The Ford Foundation, concerned that university engineering departments were populated with too many people who had not done any industrial or commercial engineering, started a program called Faculty Residencies in Engineering Practice. As one of the program's first members, Hazeltine worked with the research and development manager for the aerospace firm Raytheon. "We talked about what the Division should be doing to keep up to date," Hazeltine recalled. "I came back thinking that research management was an interesting topic."
Then in 1972, Hazeltine received one of Brown's inaugural Wriston Fellowships, which are awarded to young faculty to help spark innovation in teaching. Hazeltine used his award to spend time at the Harvard Business School, boning up on knowledge of business, management and economics.
Shortly thereafter, ENGIN9 was born. It started as a Group Independent Study Project (GISP) with just a few students, but after two years was added as a regular course. "It seemed like it might have some legs," Hazeltine said of the class in an understatement typical of his modesty.
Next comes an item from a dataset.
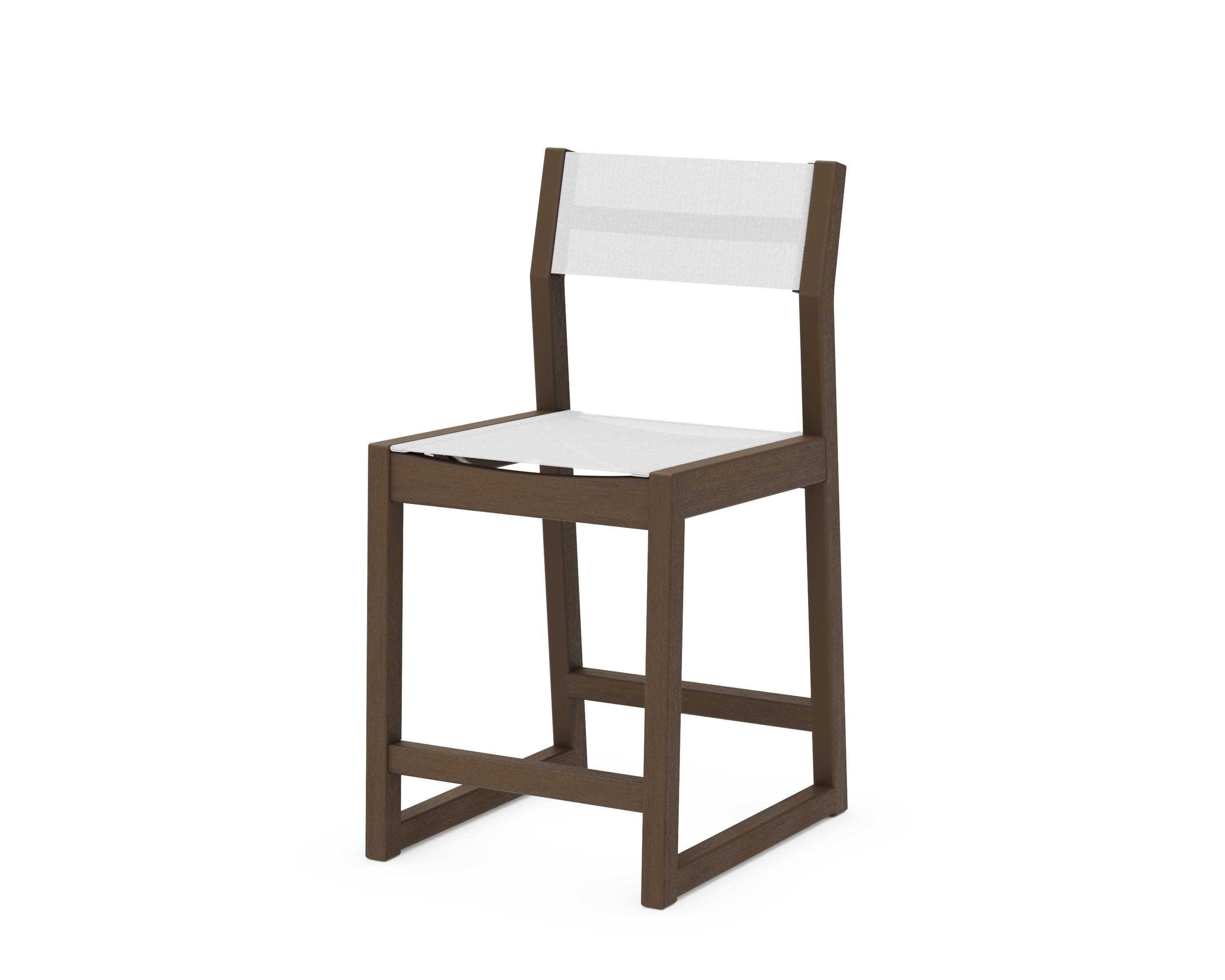 EDGE Sling Counter Side Chair in Kona / White Sling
By the 1980s, ENGIN9 was one of the most popular classes on campus and it remains so today. The class is built on business case studies, many based on the work of Brown graduates, chronicling the successes, failures, challenges, and solutions of real-world companies. Hazeltine says he thinks students appreciate the course's practical approach. "I think it's important to use examples that are real life," he said. "Obscure models of the way society or economics works doesn't always appeal to 20-year-olds."
Many who have taken the class have gone on to form their own companies. The beverage company Nantucket Nectars, software firms Clearview and Andera, and The Steel Yard, a Providence artists community, are just a few of the ventures that have roots in Hazeltine's guidance and mentorship. The leaders of many of these companies return to Brown to share their expertise with ENGIN9 students.
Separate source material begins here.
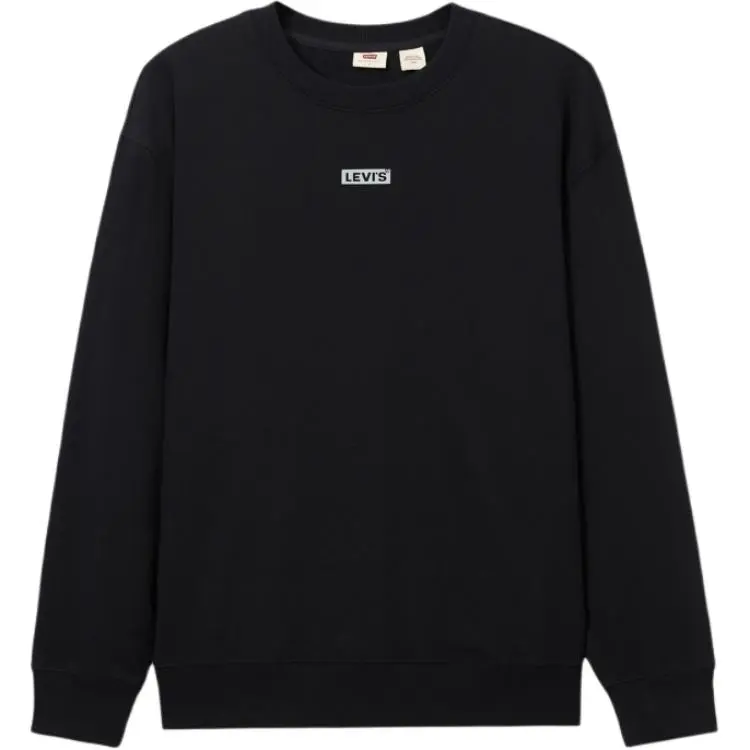 Levi's Sweatshirts Men's Black Crew Neck Moderate Straight Fit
Hazeltine has long been a favorite of the Brown student body. He won the senior class award for teaching 13 straight years until the decision was made in 1985 to simply name the award after him. Connecting with the students, Hazeltine says, is the most important part of his work as a professor.
"Brown will prosper to the extent that it serves undergraduates at a vulnerable time in their lives," he said. "I think every student needs to have the experience of having their names known and knowing that someone is interested in them as a person."
And it's the connection with students that has kept Hazeltine in the classroom even after his official retirement in 1997.
"The fact is that Brown students are really fun to work with," he said. "It's something new every day. Wait, that's not true; it's something new every hour.